SUPPLIED RECORDS:
• • • • • • •

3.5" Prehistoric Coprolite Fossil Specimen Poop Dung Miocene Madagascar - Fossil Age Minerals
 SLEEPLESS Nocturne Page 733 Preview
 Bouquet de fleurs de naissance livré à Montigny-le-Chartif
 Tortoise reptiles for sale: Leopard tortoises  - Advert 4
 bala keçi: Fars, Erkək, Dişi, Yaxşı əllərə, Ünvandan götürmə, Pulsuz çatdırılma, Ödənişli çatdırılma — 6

• • • • • • •

THE PROBLEM:
Nothing in the material may change; reproduce it all.

EXERCISE ANSWER:
3.5" Prehistoric Coprolite Fossil Specimen Poop Dung Miocene Madagascar - Fossil Age Minerals
 SLEEPLESS Nocturne Page 733 Preview
 Bouquet de fleurs de naissance livré à Montigny-le-Chartif
 Tortoise reptiles for sale: Leopard tortoises  - Advert 4
 bala keçi: Fars, Erkək, Dişi, Yaxşı əllərə, Ünvandan götürmə, Pulsuz çatdırılma, Ödənişli çatdırılma — 6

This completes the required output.